À Tunis, du 24 au 26 juin 2025, se tient un atelier régional de grande envergure organisé par l’Union arabe des engrais, en partenariat avec le complexe chimique tunisien. L’événement réunit des experts venus de tout le monde arabe pour réfléchir aux mutations profondes que connaît le secteur, à l’heure où l’alimentation, l’eau, l’énergie et l’environnement deviennent des enjeux globaux de survie.
Six défis, une vision commune
Face à l’accélération des crises mondiales, l’Union arabe des engrais trace une feuille de route ambitieuse fondée sur six axes majeurs. En tête de ces priorités figure la sécurité alimentaire. Dans un monde où près d’un milliard de personnes souffrent de la faim, les pays arabes jouent un rôle de premier plan, avec une contribution estimée à plus de 33 % de l’offre mondiale d’engrais. L’objectif à long terme est clair : bâtir d’ici 2050 un modèle agricole durable, capable de réduire la faim tout en assurant un usage plus intelligent des ressources.
L’accès à l’eau, de plus en plus menacée par la sécheresse, constitue un autre chantier urgent. L’Union plaide pour une gestion rigoureuse de cette ressource, notamment dans l’industrie, en favorisant la rationalisation des usages. Le troisième défi touche à l’énergie : dans un contexte de flambée des prix et de transition écologique, il s’agit de concilier la nécessité de produire tout en réduisant la dépendance aux énergies fossiles. L’Union appelle à développer massivement les énergies renouvelables sans renier, pour l’heure, l’apport encore crucial du pétrole et du gaz.
Le climat, lui aussi, figure au cœur des discussions. La valorisation des gaz industriels à travers des procédés de recyclage pourrait permettre de limiter leur impact sur l’environnement. Mais l’innovation ne s’arrête pas là : l’Union a également mis en place un groupe de travail composé de 23 entreprises arabes spécialisées en intelligence artificielle, afin d’explorer comment les technologies numériques peuvent transformer la production d’engrais et renforcer la performance logistique des entreprises du secteur.
Enfin, la durabilité est pensée comme une démarche transversale, à intégrer dans tous les niveaux de la chaîne : de l’extraction à la distribution, en passant par la recherche et le développement.

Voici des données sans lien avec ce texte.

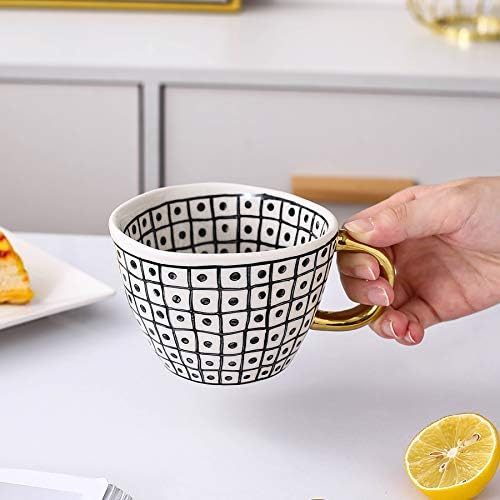 Velike keramičke šalice čajne šalice šalice sa zlatnom ručkom moderni crno -bijeli uzorak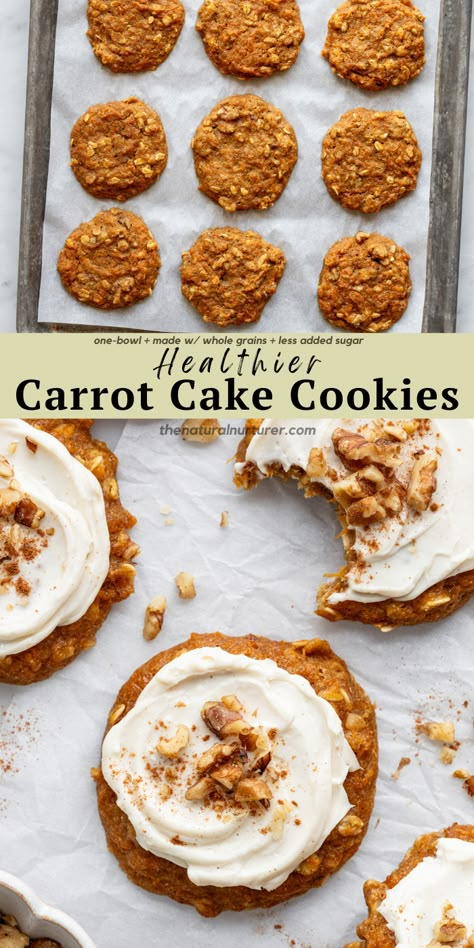 Carrot Cake Cookies Healthy, Carrot Cake Cookie Recipe, Healthy Carrot Cake Cookies, Carrot Cake Bread Recipe, Carrot Oatmeal Cookies, Healthier Carrot Cake, Healthy Cookies Recipes, Whole Wheat Carrot Cake, Health Cookies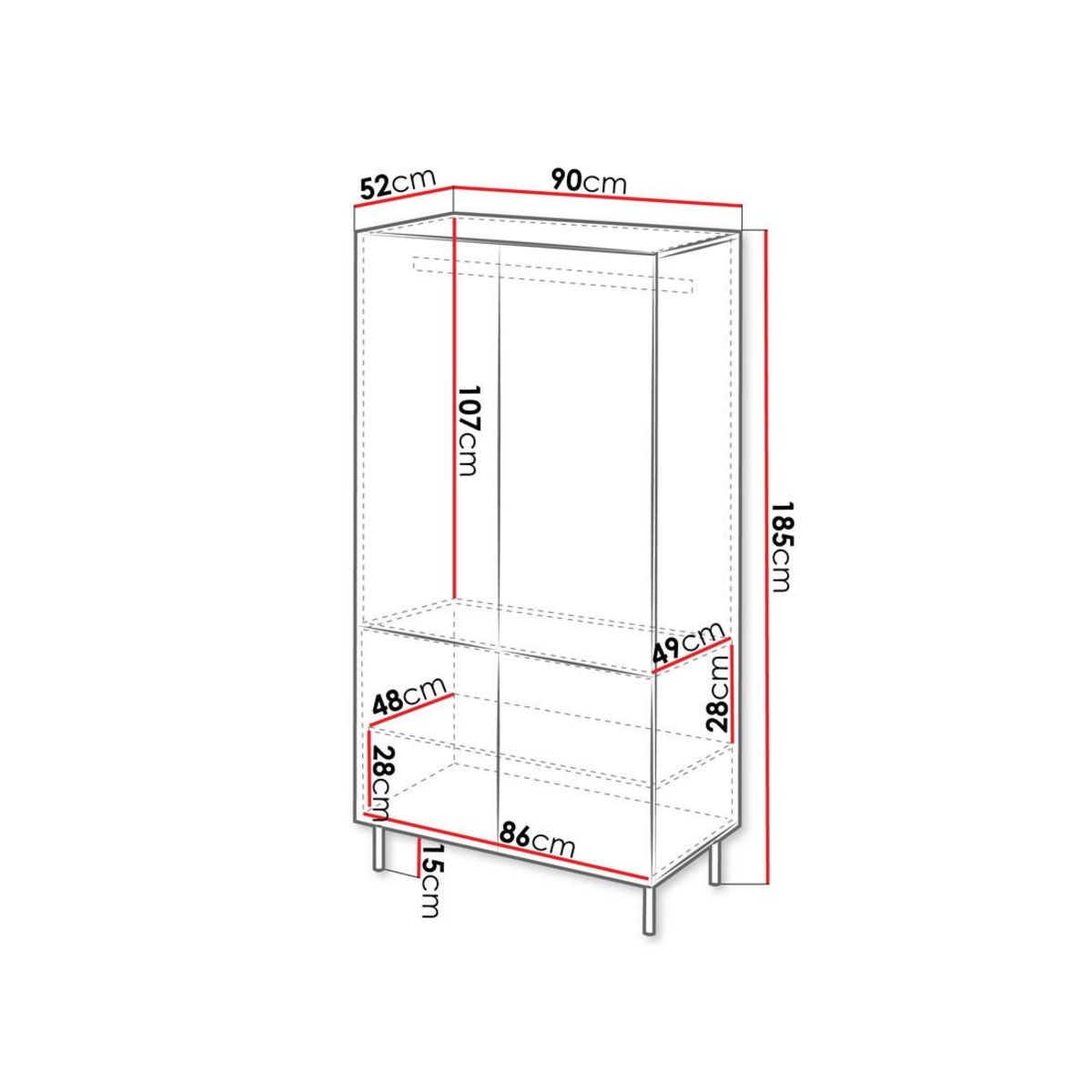 BEST MOBILIER Timote - armoire avec penderie et étagères - écru - 185x90 cm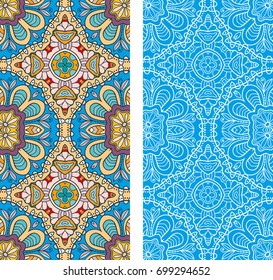 Vertical seamless patterns set, floral geometric lace texture for Wedding, Valentine's day, greeting cards or Birthday Invitations. Decorative seamless backgrounds. Ethnic ornament, border pattern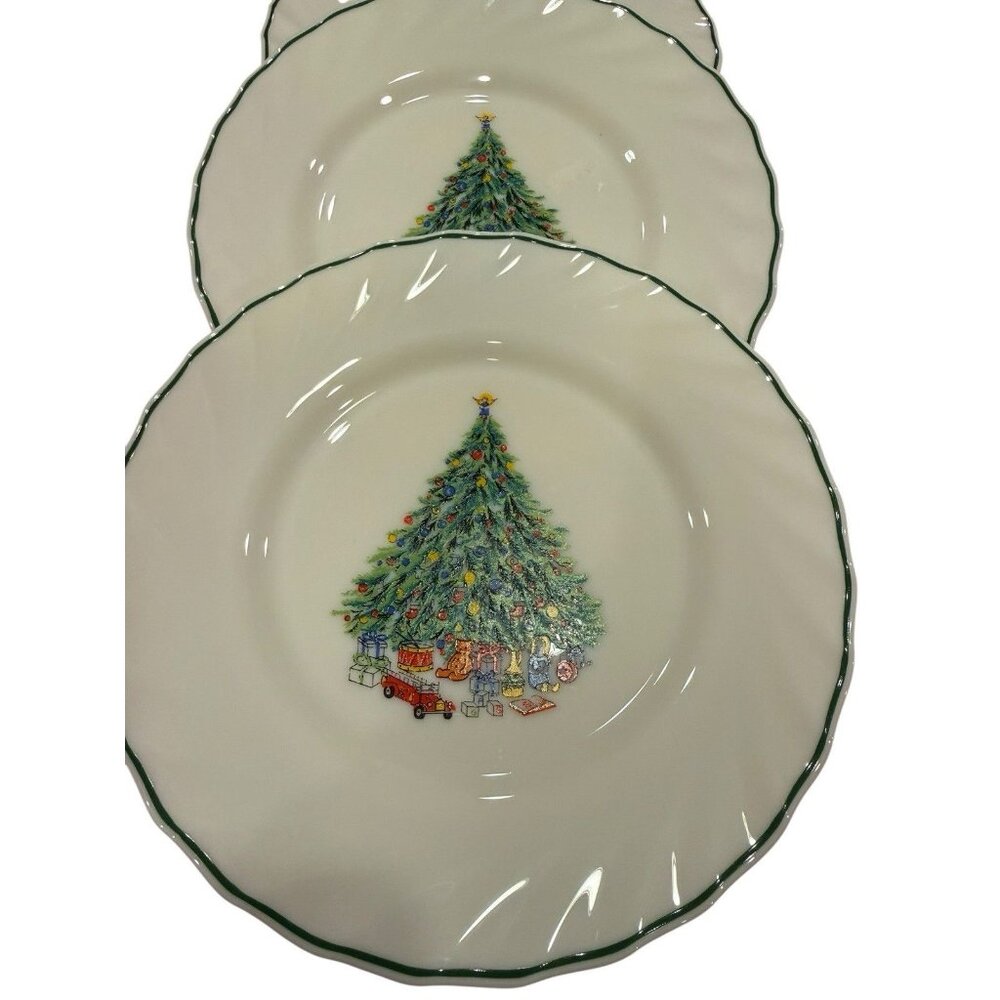 Noel Porcelle The House Of Salem 7.5" Plate Christmas Tree Holiday Set Of 3 - Picture 2 of 6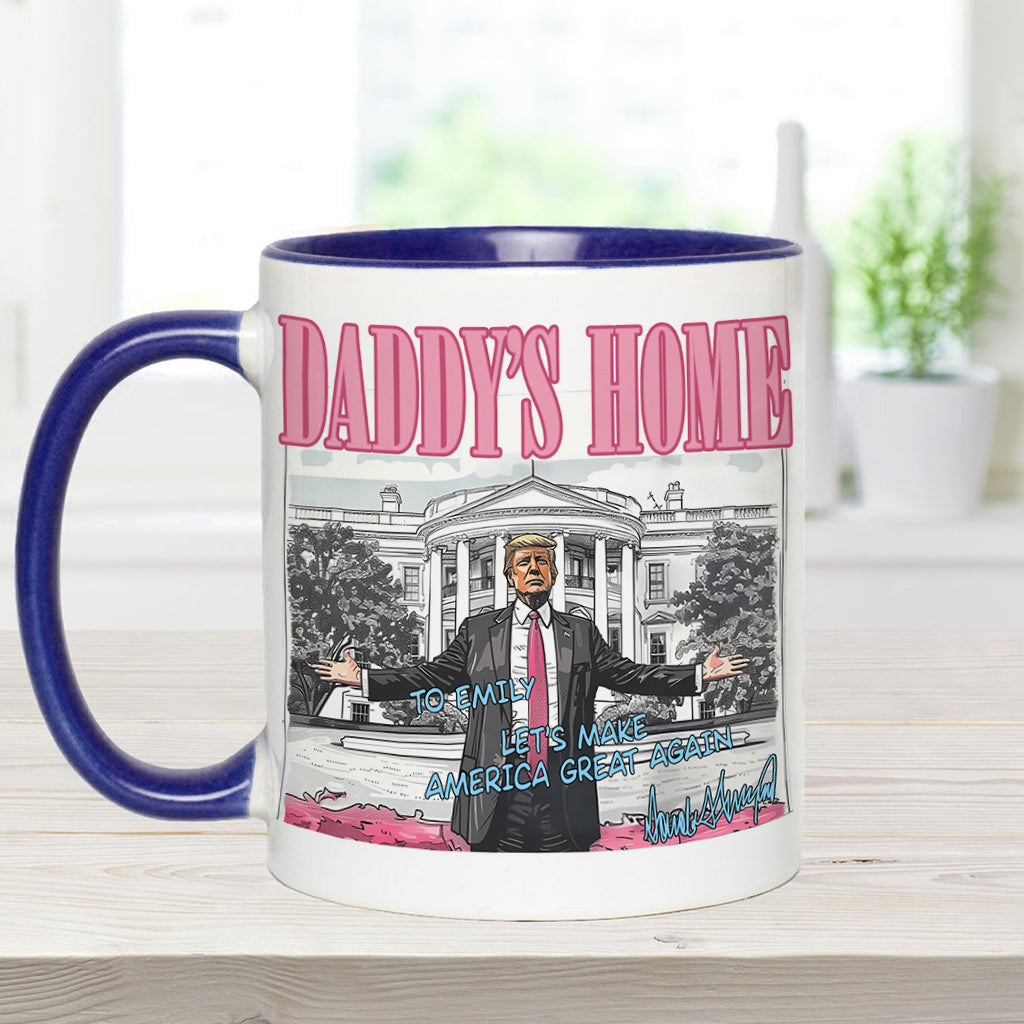 Personalized Two-Tone Accent Mug Custom Name Gift for Dad Accent Mug GradoCreations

La Tunisie, moteur discret mais essentiel
Si Tunis a été choisie pour accueillir cette rencontre, ce n’est pas un hasard. Avec des réserves de phosphate parmi les plus importantes du monde arabe et un complexe chimique en pleine expansion, la Tunisie s’impose comme un acteur stratégique. Le pays a su bâtir une expertise reconnue, notamment grâce à ses compétences scientifiques et à ses efforts d’innovation.
La ministre de l’Industrie, Fatma Thabet Chiboub, a salué le rôle central de la Tunisie dans cette dynamique. Membre fondateur de l’Union arabe des engrais depuis 1976, le pays a toujours misé sur l’excellence de ses chercheurs et sur la valorisation de ses ressources. Plusieurs brevets développés par le complexe chimique tunisien sont aujourd’hui utilisés jusqu’en Inde ou en Chine, témoignant d’une reconnaissance internationale.
La ministre de l’Industrie, des Mines et de l’Énergie, Fatma Thabet Chiboub
Penser ensemble l’avenir de l’industrie arabe
Au-delà des débats techniques, l’atelier ambitionne de renforcer la coopération entre les pays arabes. Il s’agit notamment de dessiner une carte logistique régionale, capable de fluidifier les flux commerciaux, de moderniser les systèmes bancaires liés aux crédits documentaires, et d’élargir l’accès des produits arabes aux marchés mondiaux dans un contexte géopolitique tendu.
Cet événement marque ainsi une étape clé dans la refondation du secteur des engrais au sein du monde arabe. La Tunisie, à travers ses ressources, ses compétences et sa volonté de coopération, y trouve une place de choix. L’union d’expertises, de visions et de savoir-faire pourrait bien tracer un nouvel horizon pour une industrie appelée à jouer un rôle de plus en plus déterminant dans la sécurité du monde de demain.